Overview
Distributed Tracing in Nutshell
Distributed Tracing in Apache CXF using Apache HTrace
Configuring Client
- Configuring tracing header names
Configuring Server
- Configuring tracing header names
Distributed Tracing In Action: Usage Scenarios
Distributed Tracing Apache HTrace and JAX-WS support
Propagating Trace Details To Logs
Accessing Apache HTrace APIs
Future Work

The Apache HTrace project has retired on 2018-04-11 and is not developed anymore. The Apache CXF retired the Apache HTrace integration, starting from 3.3.0 release.

Overview

Apache HTrace is a tracing framework intended for use with distributed systems written in java. Since version 3.1.3, Apache CXF fully supports integration with Apache HTrace, both on client side and server side. This section gives a complete overview on how distributed tracing support is supported in JAX-RS applications built on top of Apache CXF.

Distributed Tracing in Nutshell

Distributed tracing, first described by Google in Dapper, a Large-Scale Distributed Systems Tracing Infrastructure paper became increasingly important topic these days. With microservices (aka SOA) gaining more and more adoption, the typical applications are built using dozens or even hundreds of small, distributed pieces. The end-to-end traceability of the requests (or any kind of work performed on user's behalf) is hard task to accomplish, particularly taking into account asyncronous or/and concurrent invocations. Apache HTrace is inspired by Dapper, a Large-Scale Distributed Systems Tracing Infrastructure paper and essentially is a full-fledged distributed tracing framework.

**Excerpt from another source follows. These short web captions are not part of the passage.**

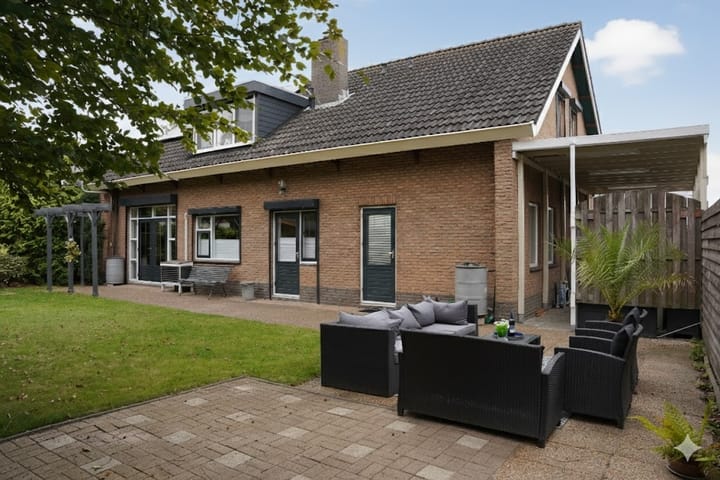 Photo 46 of Hugevlietstraat 12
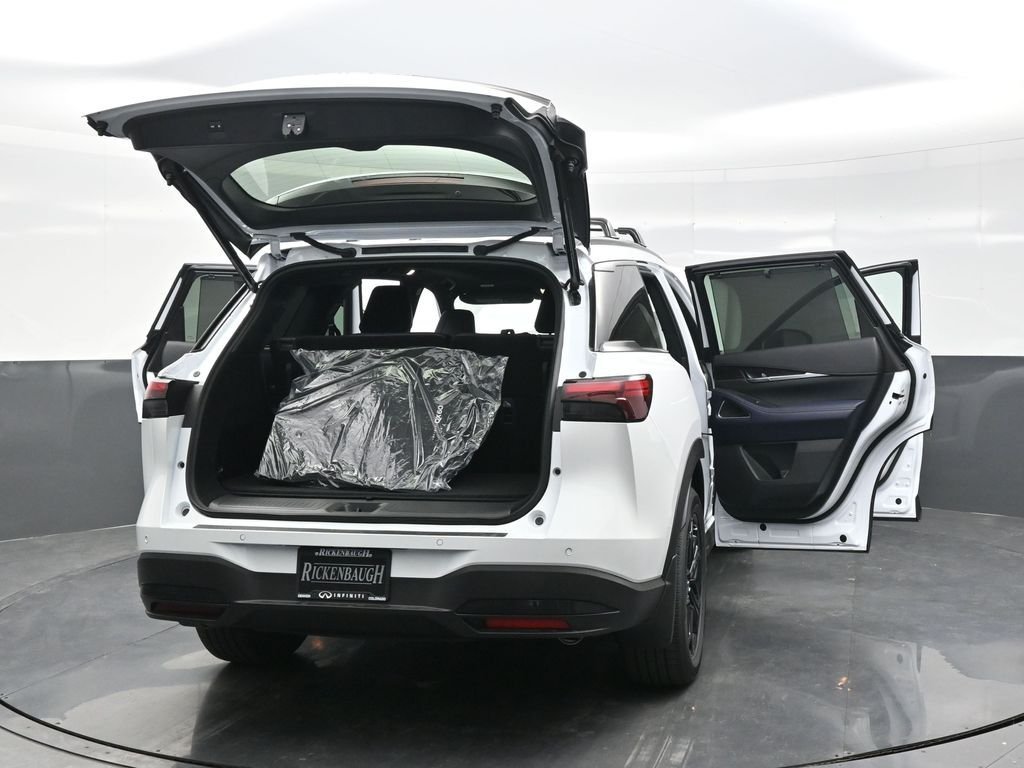 Used 2026 White INFINITI SPORT image 49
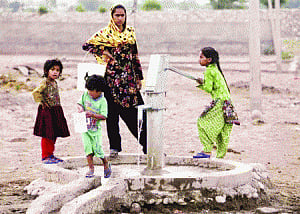 Adopt MP's SMS solution for defunct hand pumps: Centre to other States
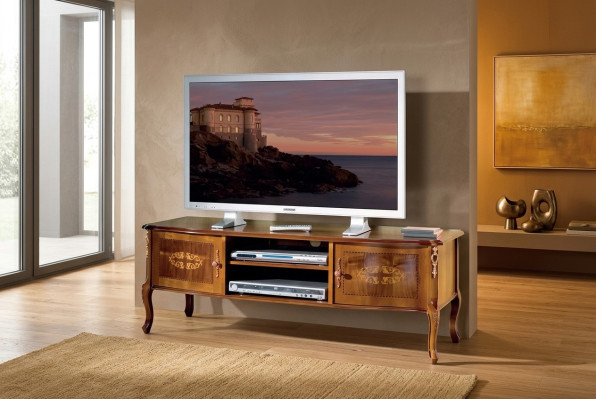 Clásico gabinete de TV marrón Sala de estar, tablero bajo, diseño de soporte de lujo.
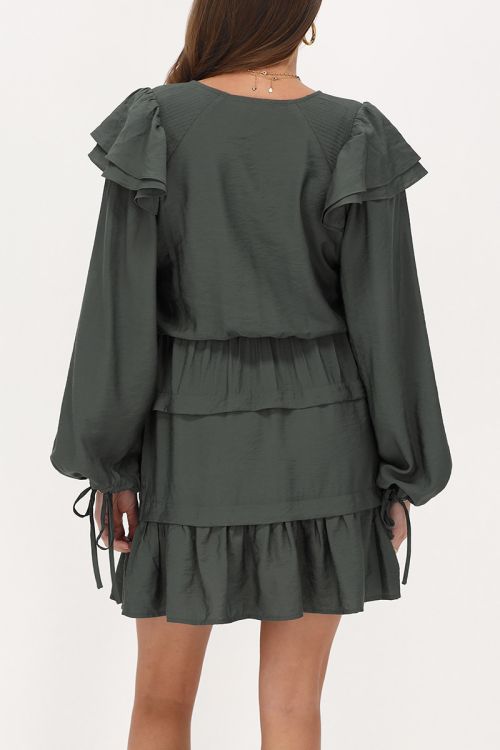Groene jurk met ruffles & wijde mouwen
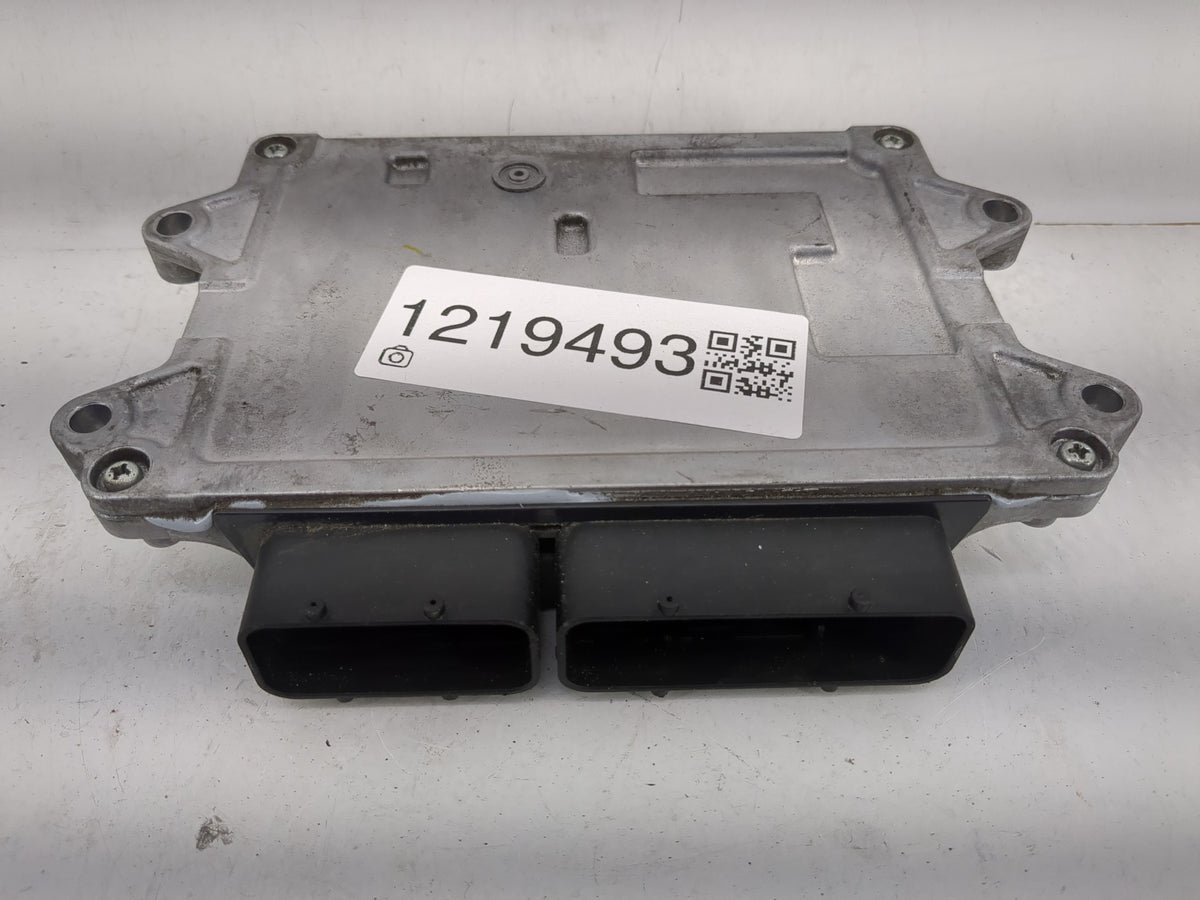 2019-2022 Mazda 3 PCM Engine Control Computer ECU ECM PCU OEM P/N:PAJ8 18 881 Fits 2019 2020 2021 2022 OEM Used Auto Parts -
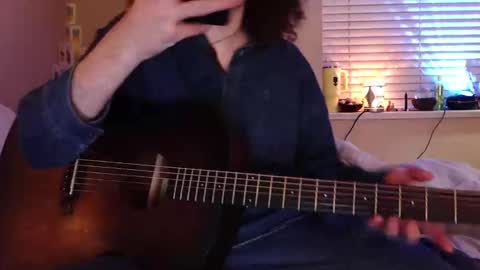 curly fries online show from March 24, 6:08 am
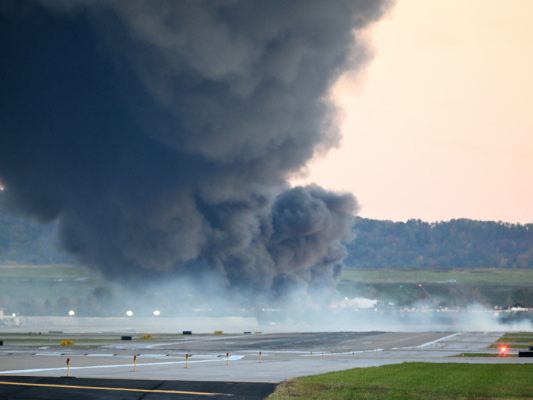 Mehrere-Verletzte-bei-Absturz-von-Frachtmaschine-in-USA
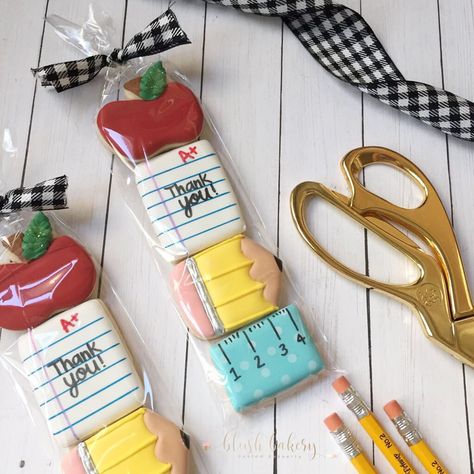 School Sugar Cookies, Teacher Cookies, Ideas For Cupcakes, School Cookies, Sugar Cookie Designs, Cute Ideas, Creative Cookies, Fancy Cookies, Mini Cookies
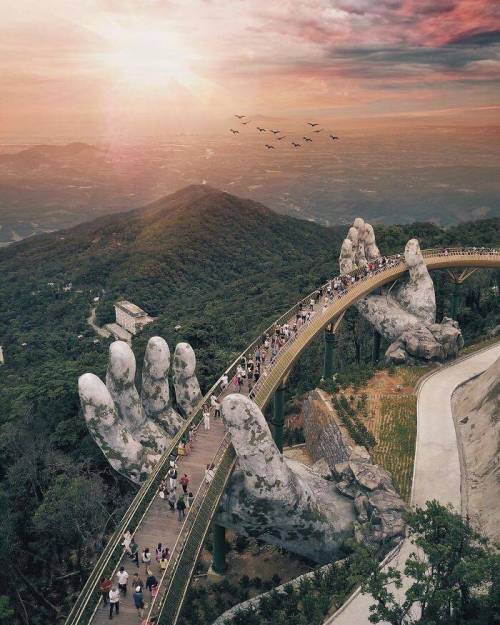 베트남에 있는 다리.jpg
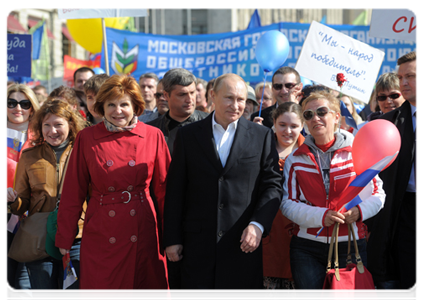 Президент Российской Федерации Д.А.Медведев и Председатель Правительства Российской Федерации В.В.Путин приняли участие в праздничном первомайском шествии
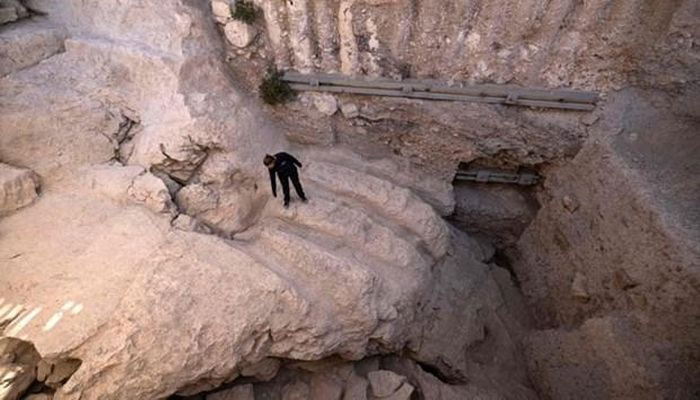 Các đường ống bằng đá đẽo được các nhà khảo cổ học Israel khai quật mới đây. (Nguồn: The News).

Distributed tracing is additional instrumentation layer on top of new or existing applications. In terms of distributed tracing, span represents a basic unit of work. For example, executing database query is a span. Spans are identified by a unique 128-bit ID. Spans also have other data, such as descriptions, timelines, key-value annotations, the ID of the span that caused them (parent), and process/tracer ID’s (normally IP address and process name). Spans are started and stopped, and they keep track of their timing information. Once span is created, it should be stopped at some point in the future. In turn, trace is a set of spans forming a tree-like structure. For example, if you are running a JAX-RS service, a trace might be formed by a PUT request and downstream work.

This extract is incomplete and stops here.